7. LIMITATION OF LIABILITY. TO THE EXTENT ALLOWED BY APPLICABLE LAW AND NOTWITHSTANDING ANY OTHER PROVISION APPLICABLE TO THIS TRANSACTION, IN NO EVENT SHALL CENVEO BE LIABLE FOR ANY INDIRECT, INCIDENTAL, SPECIAL, EXEMPLARY, PUNITIVE OR CONSEQUENTIAL DAMAGES, INCLUDING, WITHOUT LIMITATION, LOST PROFITS, LOST BUSINESS, LOSS ADVERTISING, OR BUSINESS INTERRUPTION, HOWEVER CAUSED AND ON ANY THEORY OF LIABILITY ARISING OUT OF OR IN ANY WAY CONNECTED WITH THIS TRANSACTION OR THE PRODUCT FURNISHED UNDER THESE TERMS, EVEN IF CENVEO HAS BEEN ADVISED OF THE POSSIBILITY OF SUCH DAMAGES. CENVEO'S LIABILITY FOR ANY AND ALL CLAIMS ARISING OUT OF THIS TRANSACTION, AND CUSTOMER'S REMEDY THEREFORE, SHALL BE LIMITED TO AN AMOUNT NOT GREATER THAN CENVEO’S PRICE TO CUSTOMER FOR THE AFFECTED PRODUCT OR REPLACEMENT OF ANY NONCONFORMING PRODUCT, WHICH IS THE SUBJECT OF CUSTOMER’S CLAIM, AT THE OPTION OF CENVEO.

8. FORCE MAJEURE. Cenveo shall have no liability for delays in the performance, or nonperformance, of this transaction or the Product(s) furnished under these Terms occasioned by circumstances or causes beyond the reasonable control of Cenveo, including, without limitation, acts of God, requests, intervention or governmental (foreign or domestic) acts, laws, rules, orders and regulations (including, without limitation, priorities or restrictions effected pursuant to the provisions of emergency legislation by any governmental authority), global health conditions (including, but not limited to, any epidemic, pandemic or disease outbreak (including, but not limited to, COVID-19)), fires, floods, earthquakes or other natural disaster, accidents, war, terrorist events, labor trouble or shortage, civil unrest, insurrection or riots, sabotage, embargo, acts of the public enemy, shortage or inability to obtain (on terms deemed economically and commercially practicable by Cenveo) any materials (including, but not limited to, fuel, power, energy), equipment, transportation or shipping space, plant shut down, equipment breakdown, delays or failure of carriers, contractors or suppliers to provide services or supply materials to Cenveo on terms Cenveo deems economically and commercially practicable, or any other events or circumstances of like or unlike nature beyond Cenveo’s reasonable control, provided that Cenveo has taken reasonable measures to promptly notify Customer, in writing, of the delay or inability.

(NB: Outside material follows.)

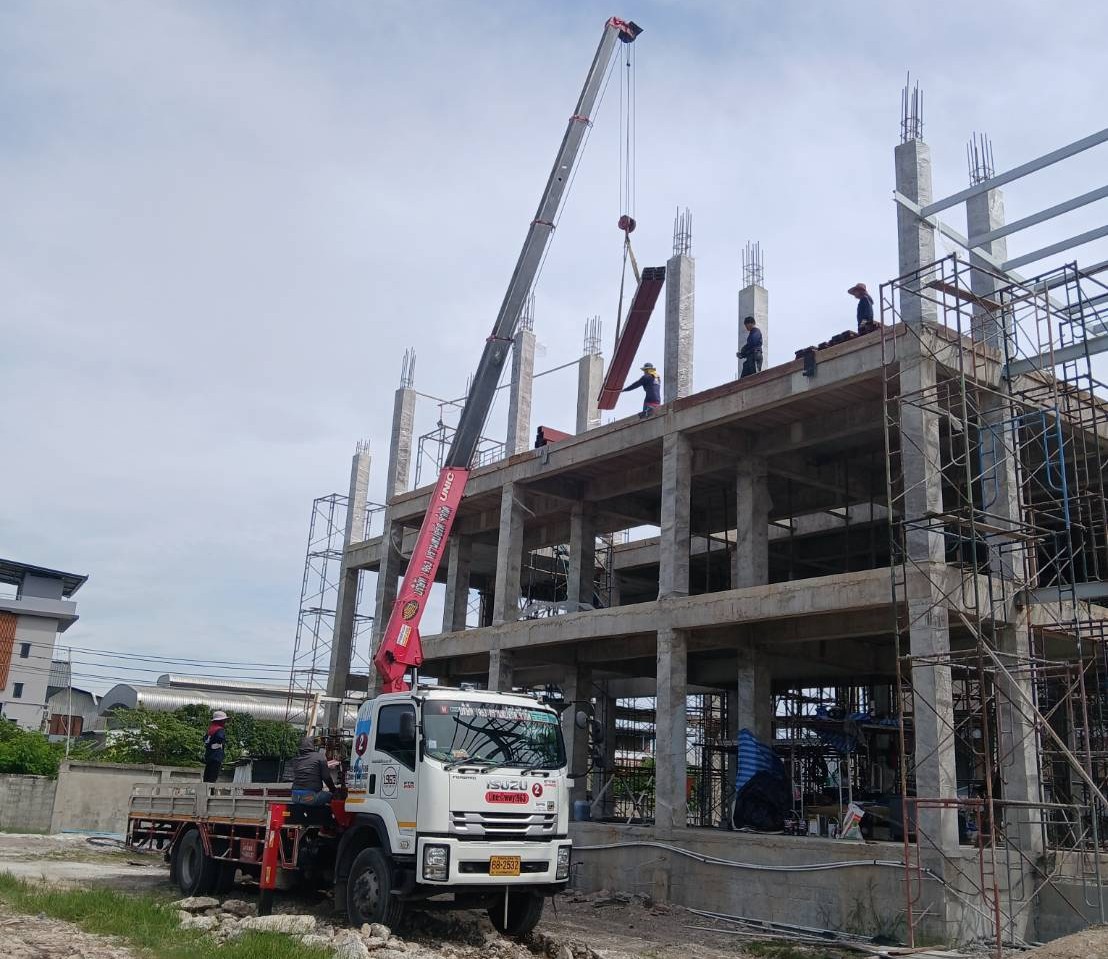 เช่ารถเฮี๊ยบแหลมใหญ่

In addition, Cenveo will thereby be excused from such performance during the continuation of such period of delay or inability. During any period when Cenveo is unable to supply the ordered quantity of Product, whether caused by the circumstances above or  otherwise, Cenveo may, in its sole discretion, allocate any available resources, materials, goods, products and/or services among its customers and for its use in such manner and on such basis as Cenveo deems fair and reasonable, without liability to Customer. The foregoing provision shall in no event relieve Customer of its obligation to timely pay in-full invoices otherwise due.

9. SPECIALLY ORDERED PAPER OR MATERIALS. If Cenveo purchases paper or other specialty materials, including without limitation packaging, for a specific Customer or job, and such paper or materials are not used within forty-five (45) days of the receipt of the paper or materials by Cenveo, Cenveo may invoice the Customer for such paper or materials.

10. LIEN ON CUSTOMER PROPERTY. As security for payment of any sums due or to become due under these Terms, or any other agreement between Cenveo and Customer, Customer hereby grants to Cenveo a security interest in, a lien upon and the right to retain possession of, sell or use in any way all materials, paper and any other property owned by Customer and in Cenveo's possession and all work-in-process and/or undelivered finished Product.

11. MATERIALS FURNISHED BY CUSTOMER. Any materials furnished by Customer shall be packed properly and received by Cenveo in proper condition and form to meet the manufacturing standards of Cenveo. Additional costs incurred by Cenveo due to delays in production, damage to equipment or the necessity to correct, repair, replace, substitute, or remake such materials because of Customer's failure to meet such standards shall be charged to Customer. Cenveo assumes no responsibility for the condition or quality of materials supplied by Customer or for the color fidelity of a completed product made from film furnished by Customer.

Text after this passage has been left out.